順伊おばさん
この『順伊おばさん』( 《順伊삼촌》)には次の四篇の作品が収められています。
〈順伊삼촌〉 (「順伊(スニ)おばさん」)
〈아스팔트〉 (「アスファルト」)
〈海龍이여기〉 (「海龍の話」)
〈길〉 (「道」)
難しかったです。日本語で読んでも難しいと感じるのですから、これを原語で読んだらと思うと気が遠くなりました。話しの流れ自体が難しいというのではなく、話しの時代背景をよく理解していないと登場人物の気持ちなどは到底理解できないかもしれません。やっぱり、翻訳本も必要なのだと妙に納得してしまいました。
どの作品も、1948年4月3日に済州島で起こった済州島
四・三事件(
제주 4•3 항쟁)とそれからの約2年間、島で繰り広げられた殺戮とも言える島民弾圧を背景にした話しです。

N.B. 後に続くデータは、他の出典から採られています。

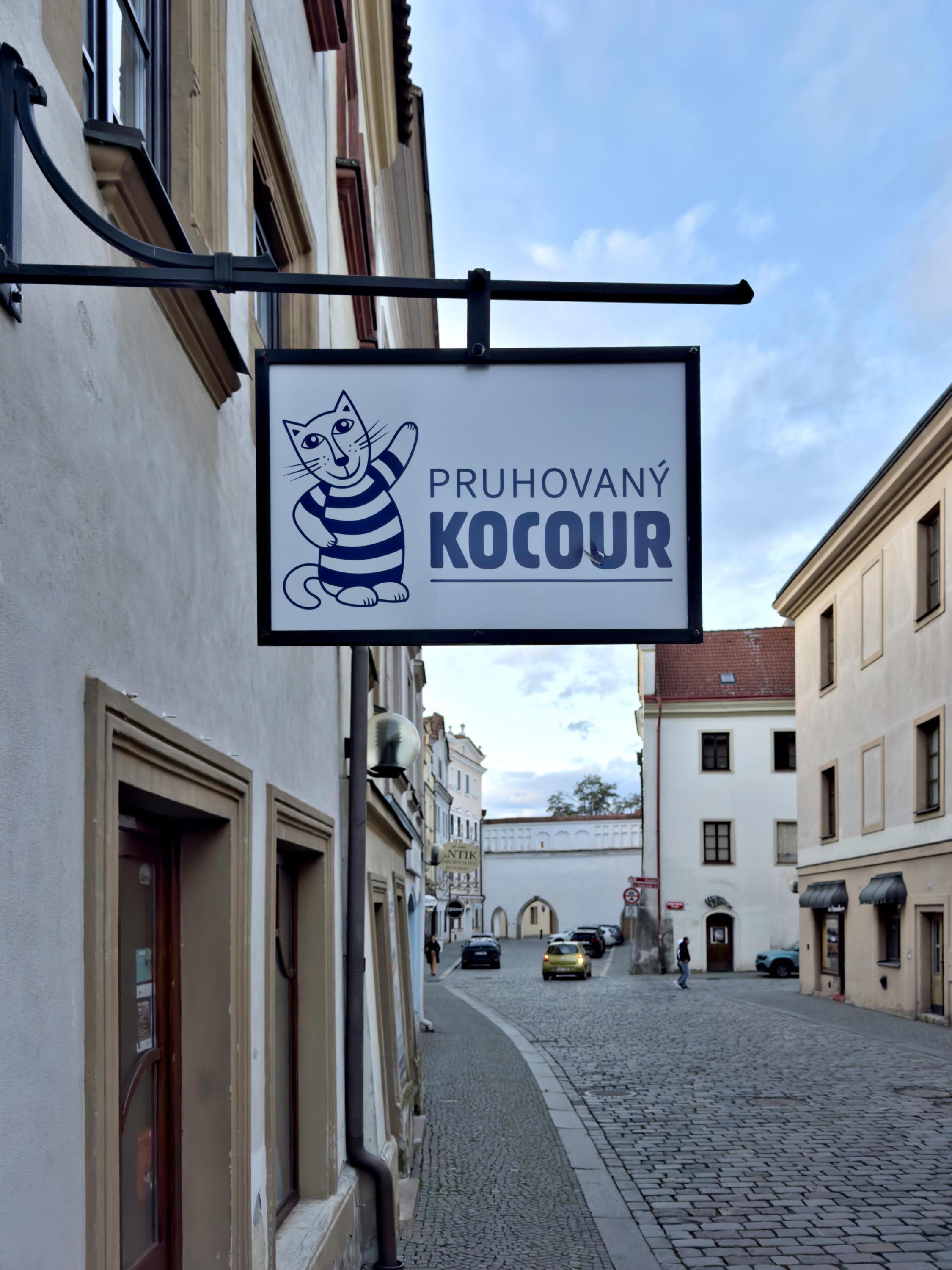 Pruhovaný kocour foto 2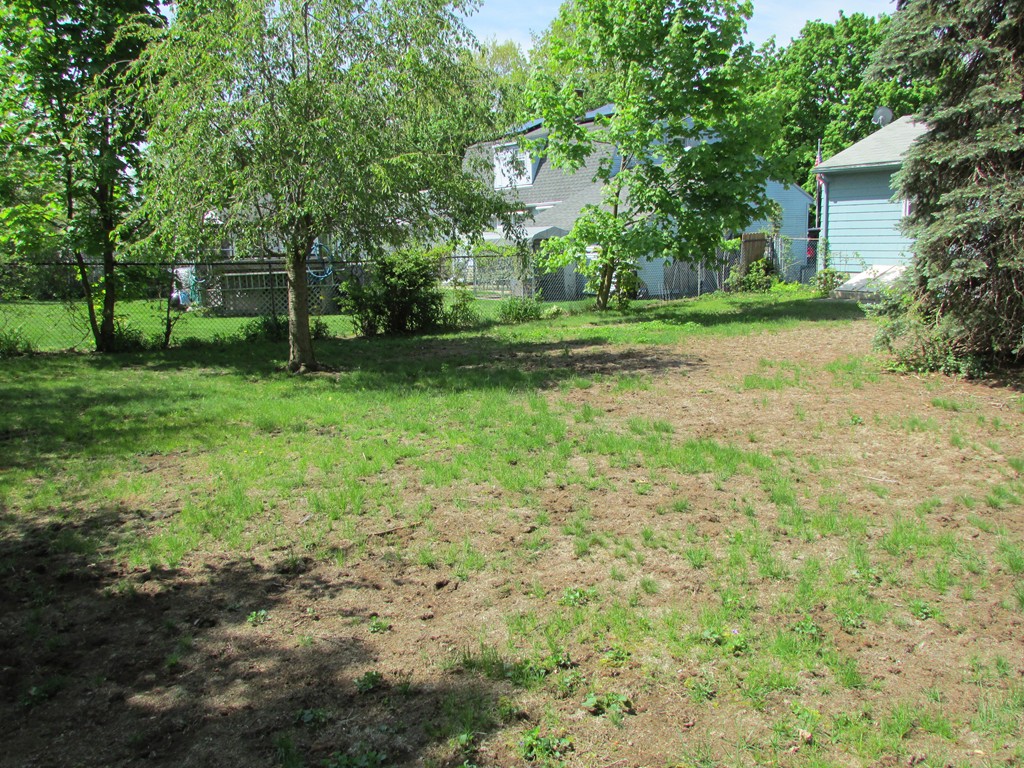 89 Clement Street Springfield, MA 01118 - Photo 5 of 14 a view of a yard with plants and trees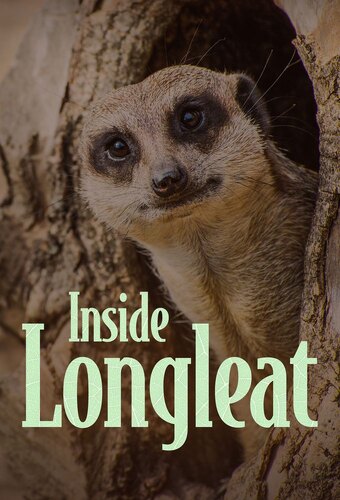 Inside Longleat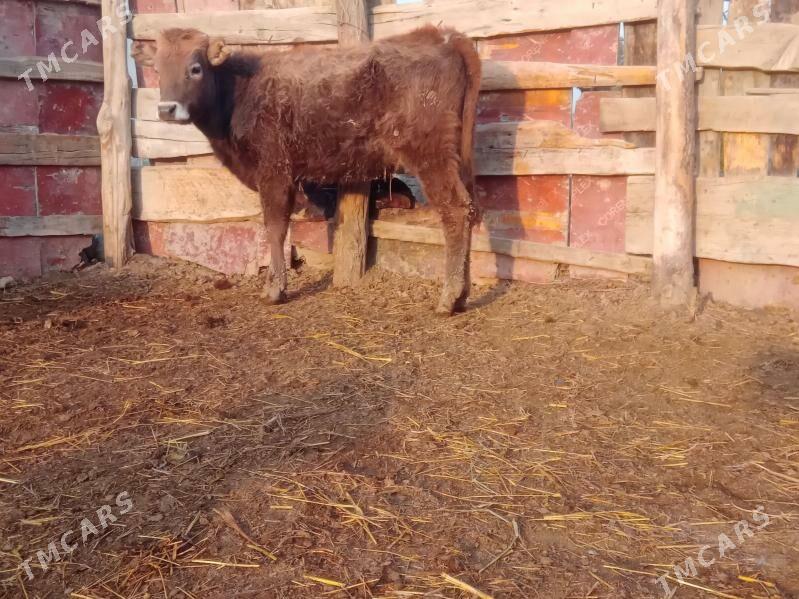 tuwe tohum - Bäherden - img 1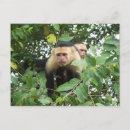 Search for capuchin postcards Wildlife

제주 4•3 항쟁そのものだけではなく、日本の敗戦による解放後からの島の状況や
제주 4•3 항쟁が起こった背景などをよく理解していないと、これらの作品を理解するのはちょっと大変かもしれません。ただ、どの作品も、政治的背景自体を詳しく述べたものではなく、当時の島の人々の悲劇や当時子供だった主人公が大人になってからの思いなどが主体となっています。
この
제주 4•3 항쟁は長い間、語ることはタブーとされ、闇にほうむられかねない状態でした。実際、小説集《順伊삼촌》は出版後販売禁止になりますし、作者である玄基栄氏は、この小説集を出版したことにより捕まり、ひどい拷問を受け、釈放された後も拷問の時の影響で大変な思いをされた方です。
本書の翻訳者である金石範氏が書いている本書の解説に次のような説明があります。
「済州島蜂起をはじめとする南朝鮮民衆の反米、反李承晩闘争というものは、…、しかし根本の原因は南朝鮮を占領した米軍政の、日本の戦後とは比較にならぬ、想像さえできない過酷な人民弾圧統治にあったことから眼を逸らしてはならない。」(p.202)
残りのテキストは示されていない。